EXERCISE =
In your copy, each line below is repeated exactly and no image appears.

SOURCE MATERIAL =
====

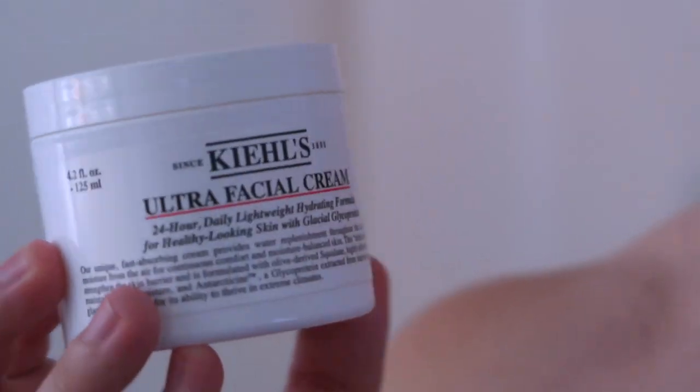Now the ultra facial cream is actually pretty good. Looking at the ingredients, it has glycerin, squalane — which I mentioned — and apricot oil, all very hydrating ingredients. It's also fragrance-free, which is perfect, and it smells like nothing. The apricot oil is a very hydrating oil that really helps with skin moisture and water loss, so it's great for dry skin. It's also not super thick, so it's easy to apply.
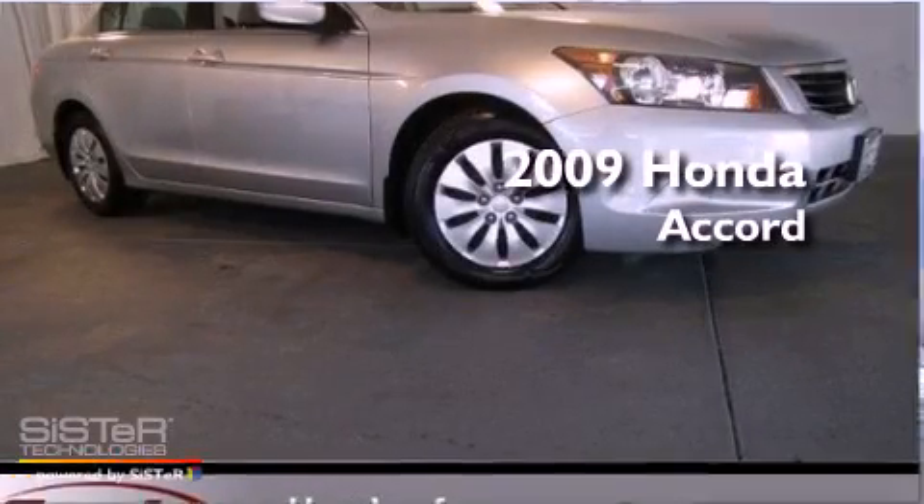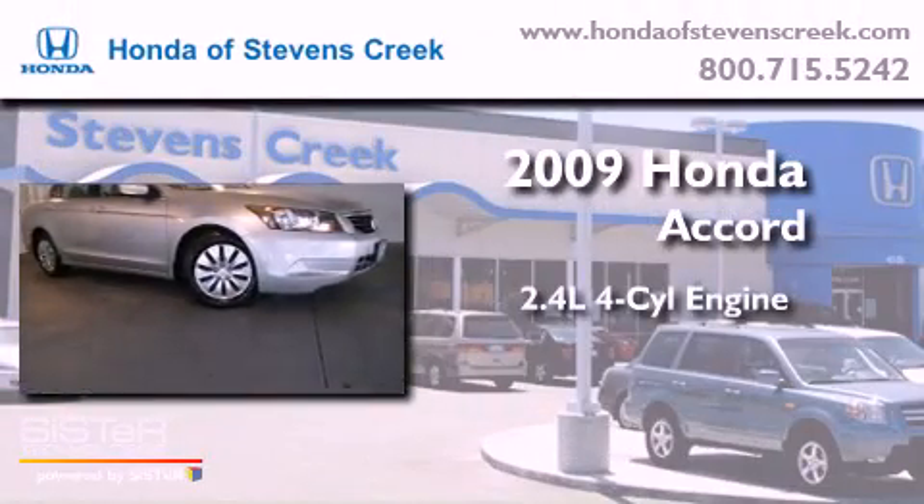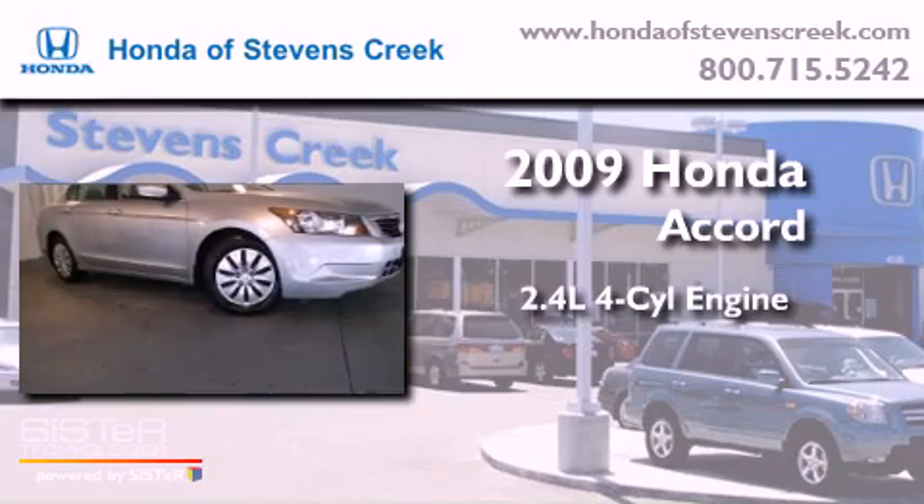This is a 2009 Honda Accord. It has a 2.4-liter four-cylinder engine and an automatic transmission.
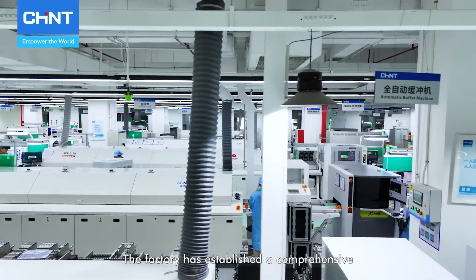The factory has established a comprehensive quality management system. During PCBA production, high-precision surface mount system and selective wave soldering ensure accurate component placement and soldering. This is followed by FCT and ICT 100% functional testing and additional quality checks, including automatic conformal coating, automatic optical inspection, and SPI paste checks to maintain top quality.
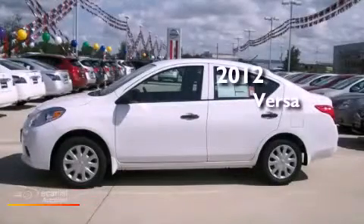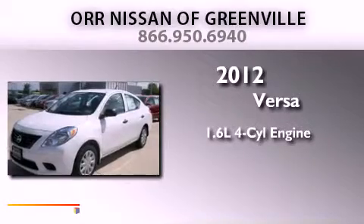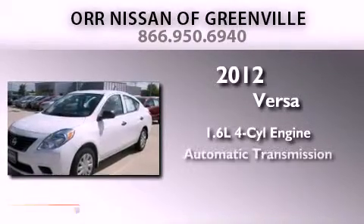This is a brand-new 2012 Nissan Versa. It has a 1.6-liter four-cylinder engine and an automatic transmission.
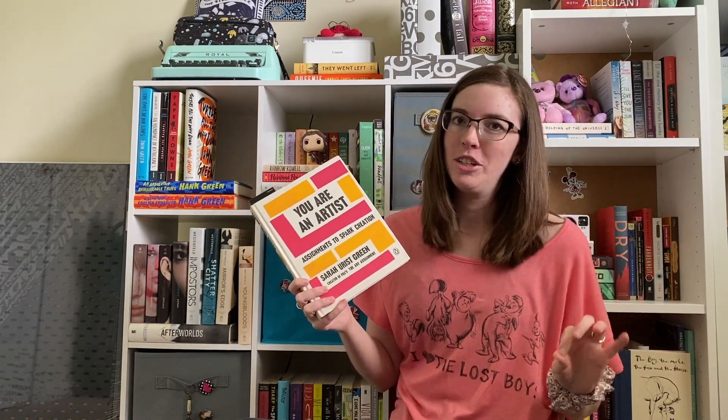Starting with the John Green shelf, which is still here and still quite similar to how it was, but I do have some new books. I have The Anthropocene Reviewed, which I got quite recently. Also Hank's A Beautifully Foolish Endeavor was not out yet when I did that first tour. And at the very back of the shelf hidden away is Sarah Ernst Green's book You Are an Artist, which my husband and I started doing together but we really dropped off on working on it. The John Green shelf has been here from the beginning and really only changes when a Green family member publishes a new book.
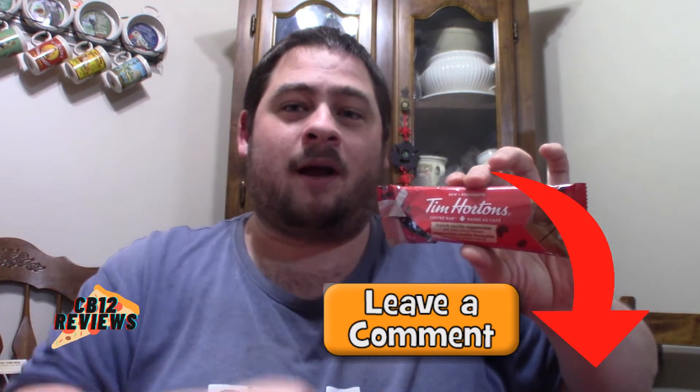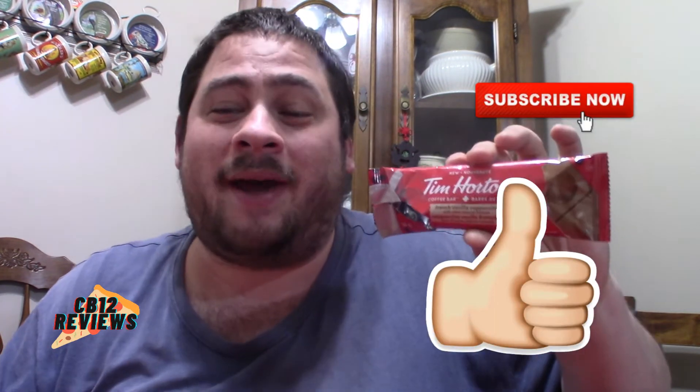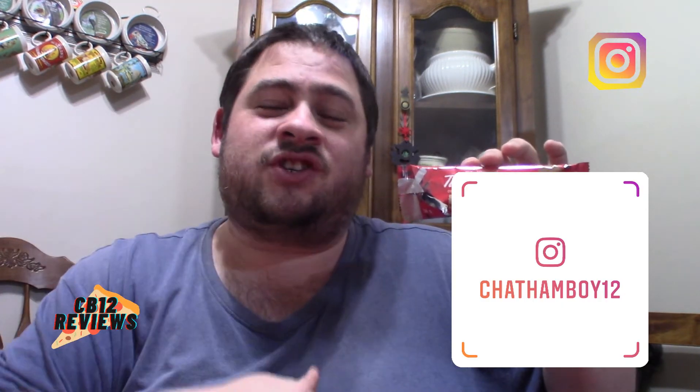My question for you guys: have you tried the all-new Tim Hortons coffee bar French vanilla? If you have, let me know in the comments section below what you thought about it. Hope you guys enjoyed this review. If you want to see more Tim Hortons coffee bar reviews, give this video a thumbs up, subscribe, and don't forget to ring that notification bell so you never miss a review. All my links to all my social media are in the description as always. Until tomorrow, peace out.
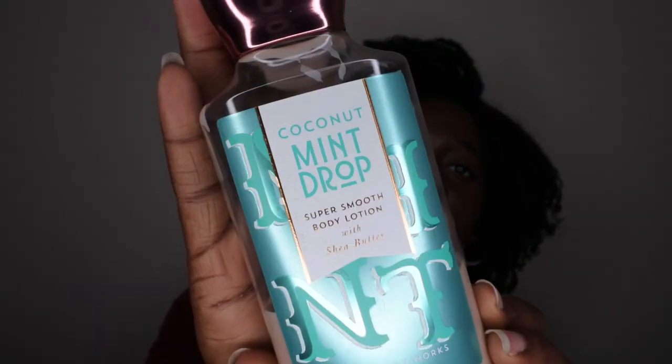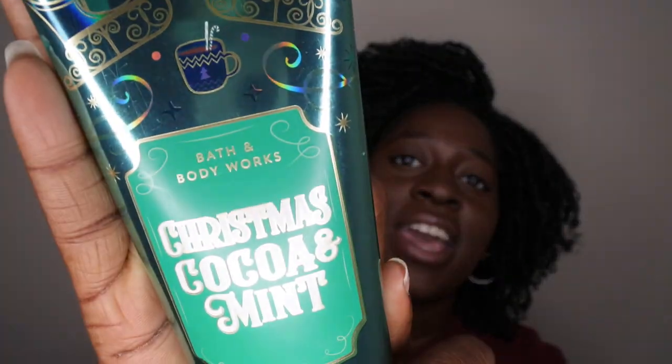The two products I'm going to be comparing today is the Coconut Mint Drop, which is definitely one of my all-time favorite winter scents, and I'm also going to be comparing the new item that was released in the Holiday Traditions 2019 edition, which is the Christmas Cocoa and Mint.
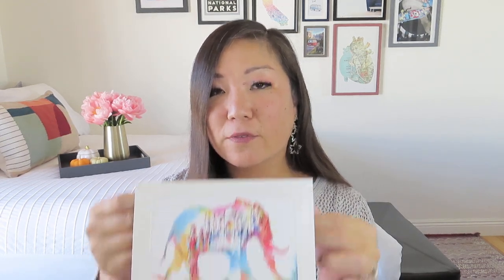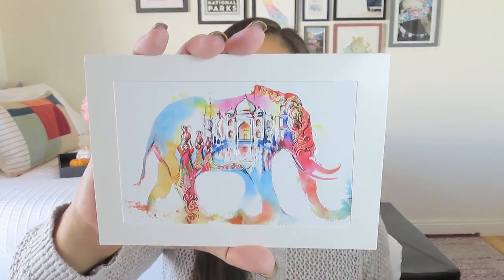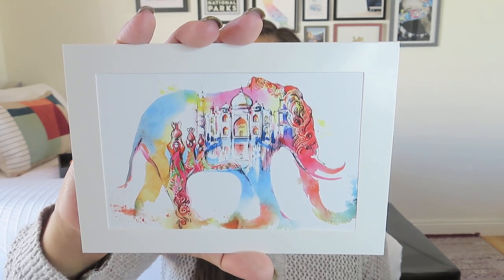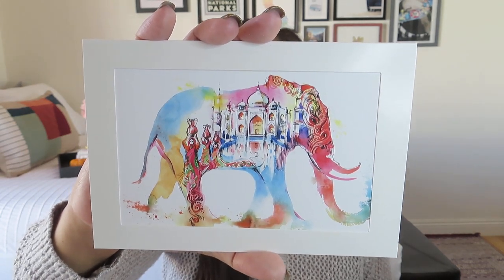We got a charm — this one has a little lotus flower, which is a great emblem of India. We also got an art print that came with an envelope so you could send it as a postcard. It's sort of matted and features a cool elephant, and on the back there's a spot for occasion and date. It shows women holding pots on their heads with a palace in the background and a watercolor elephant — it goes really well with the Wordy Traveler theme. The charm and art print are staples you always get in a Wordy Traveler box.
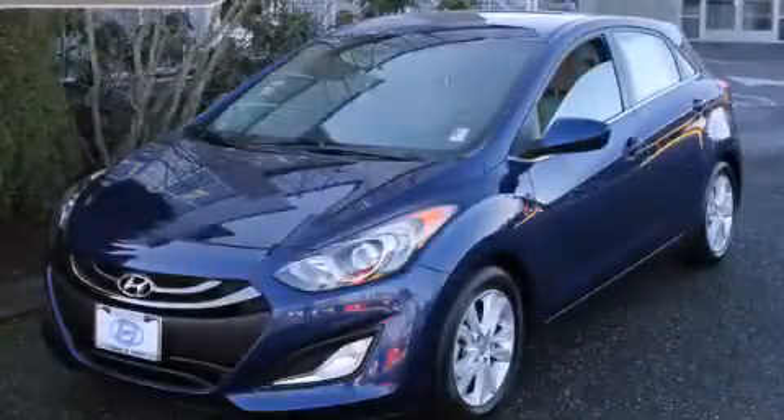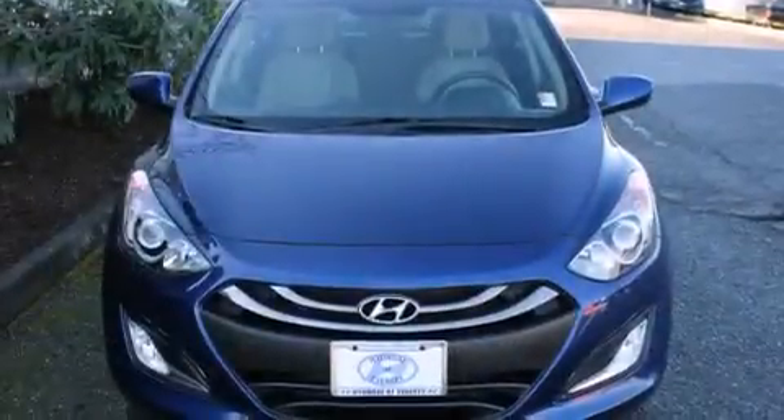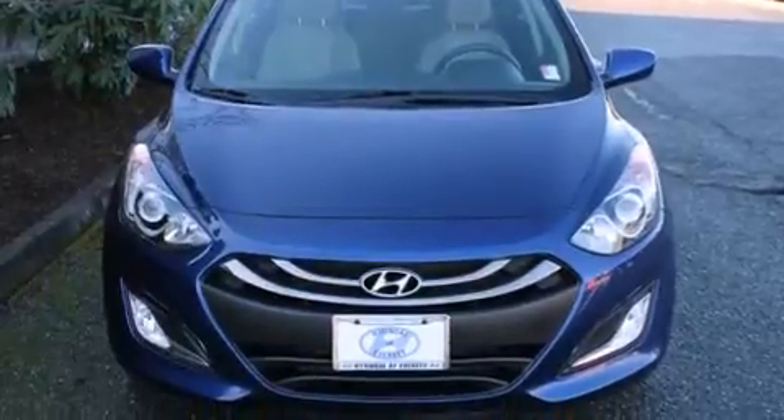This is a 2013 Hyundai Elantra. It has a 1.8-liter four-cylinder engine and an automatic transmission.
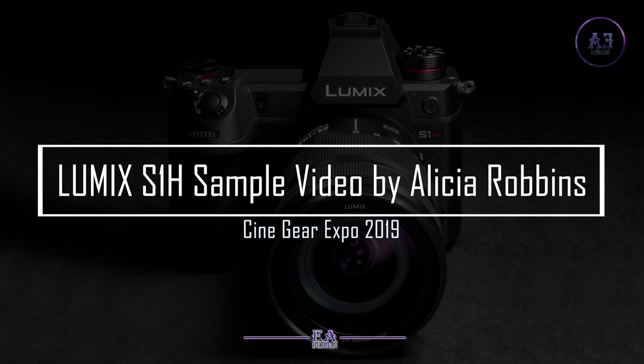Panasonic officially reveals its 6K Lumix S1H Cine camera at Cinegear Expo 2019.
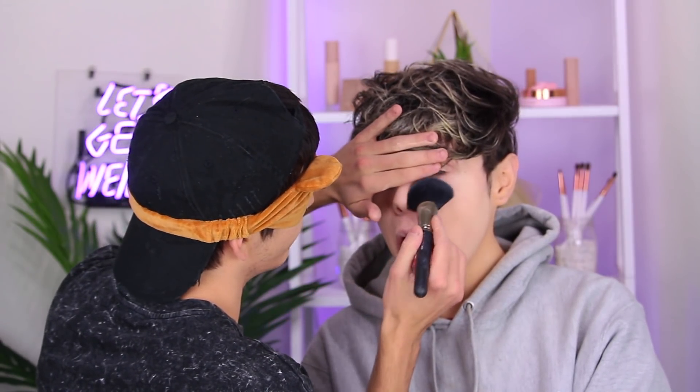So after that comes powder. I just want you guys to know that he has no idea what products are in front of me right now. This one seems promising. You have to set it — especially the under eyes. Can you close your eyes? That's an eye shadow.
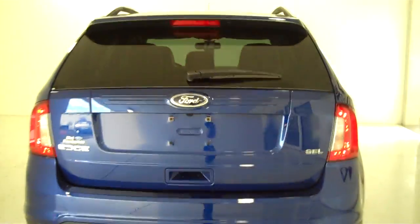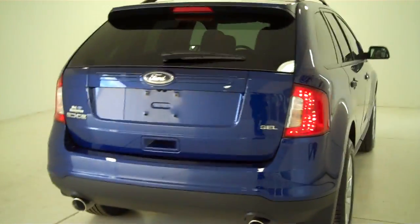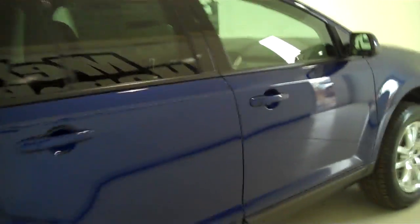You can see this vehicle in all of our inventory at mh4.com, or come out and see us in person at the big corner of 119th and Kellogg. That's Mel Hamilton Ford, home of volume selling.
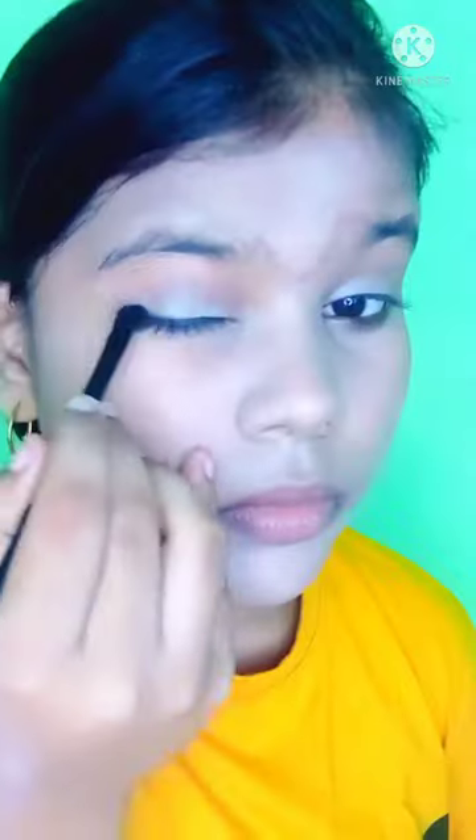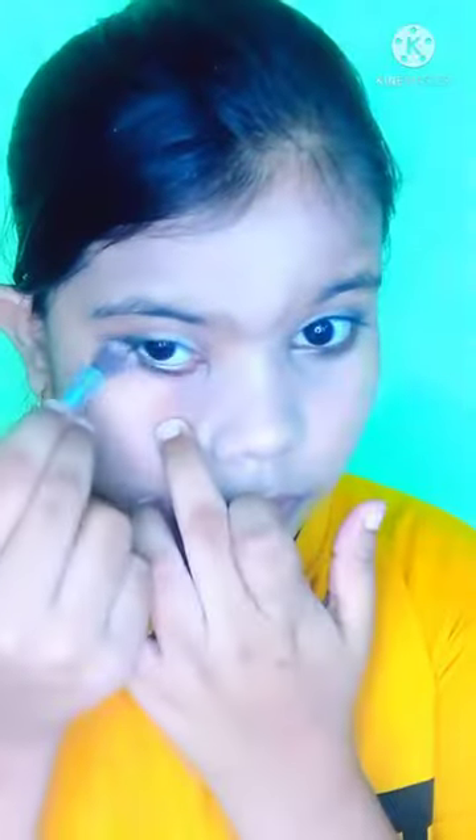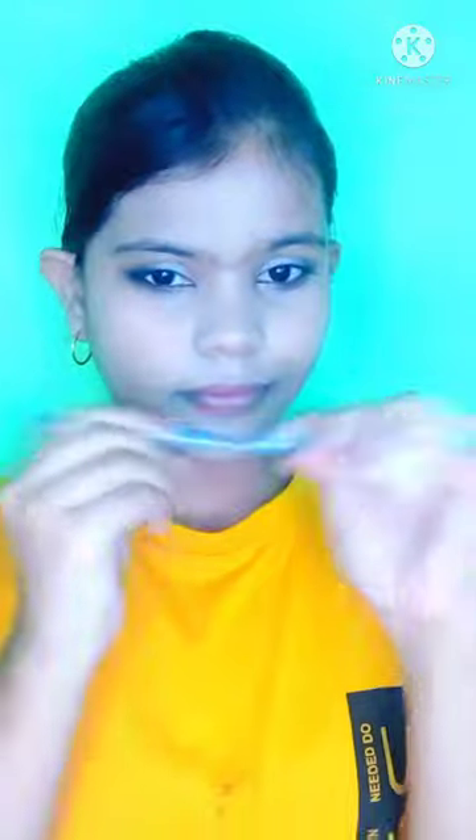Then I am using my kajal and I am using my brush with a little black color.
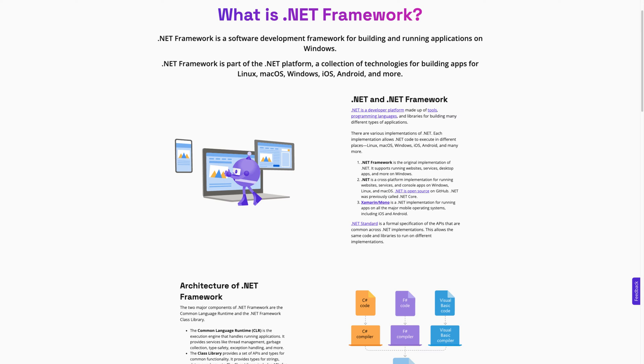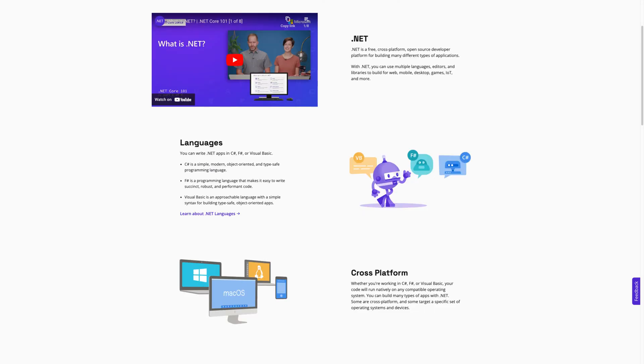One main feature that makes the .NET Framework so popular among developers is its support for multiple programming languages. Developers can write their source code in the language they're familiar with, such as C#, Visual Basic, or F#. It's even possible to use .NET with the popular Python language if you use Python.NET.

====

RESPONSE BOX =
Now the ultra facial cream is actually pretty good. Looking at the ingredients, it has glycerin, squalane — which I mentioned — and apricot oil, all very hydrating ingredients. It's also fragrance-free, which is perfect, and it smells like nothing. The apricot oil is a very hydrating oil that really helps with skin moisture and water loss, so it's great for dry skin. It's also not super thick, so it's easy to apply.
This is a 2009 Honda Accord. It has a 2.4-liter four-cylinder engine and an automatic transmission.
The factory has established a comprehensive quality management system. During PCBA production, high-precision surface mount system and selective wave soldering ensure accurate component placement and soldering. This is followed by FCT and ICT 100% functional testing and additional quality checks, including automatic conformal coating, automatic optical inspection, and SPI paste checks to maintain top quality.
This is a brand-new 2012 Nissan Versa. It has a 1.6-liter four-cylinder engine and an automatic transmission.
Starting with the John Green shelf, which is still here and still quite similar to how it was, but I do have some new books. I have The Anthropocene Reviewed, which I got quite recently. Also Hank's A Beautifully Foolish Endeavor was not out yet when I did that first tour. And at the very back of the shelf hidden away is Sarah Ernst Green's book You Are an Artist, which my husband and I started doing together but we really dropped off on working on it. The John Green shelf has been here from the beginning and really only changes when a Green family member publishes a new book.
My question for you guys: have you tried the all-new Tim Hortons coffee bar French vanilla? If you have, let me know in the comments section below what you thought about it. Hope you guys enjoyed this review. If you want to see more Tim Hortons coffee bar reviews, give this video a thumbs up, subscribe, and don't forget to ring that notification bell so you never miss a review. All my links to all my social media are in the description as always. Until tomorrow, peace out.
The two products I'm going to be comparing today is the Coconut Mint Drop, which is definitely one of my all-time favorite winter scents, and I'm also going to be comparing the new item that was released in the Holiday Traditions 2019 edition, which is the Christmas Cocoa and Mint.
We got a charm — this one has a little lotus flower, which is a great emblem of India. We also got an art print that came with an envelope so you could send it as a postcard. It's sort of matted and features a cool elephant, and on the back there's a spot for occasion and date. It shows women holding pots on their heads with a palace in the background and a watercolor elephant — it goes really well with the Wordy Traveler theme. The charm and art print are staples you always get in a Wordy Traveler box.
This is a 2013 Hyundai Elantra. It has a 1.8-liter four-cylinder engine and an automatic transmission.
Panasonic officially reveals its 6K Lumix S1H Cine camera at Cinegear Expo 2019.
So after that comes powder. I just want you guys to know that he has no idea what products are in front of me right now. This one seems promising. You have to set it — especially the under eyes. Can you close your eyes? That's an eye shadow.
You can see this vehicle in all of our inventory at mh4.com, or come out and see us in person at the big corner of 119th and Kellogg. That's Mel Hamilton Ford, home of volume selling.
Then I am using my kajal and I am using my brush with a little black color.
One main feature that makes the .NET Framework so popular among developers is its support for multiple programming languages. Developers can write their source code in the language they're familiar with, such as C#, Visual Basic, or F#. It's even possible to use .NET with the popular Python language if you use Python.NET.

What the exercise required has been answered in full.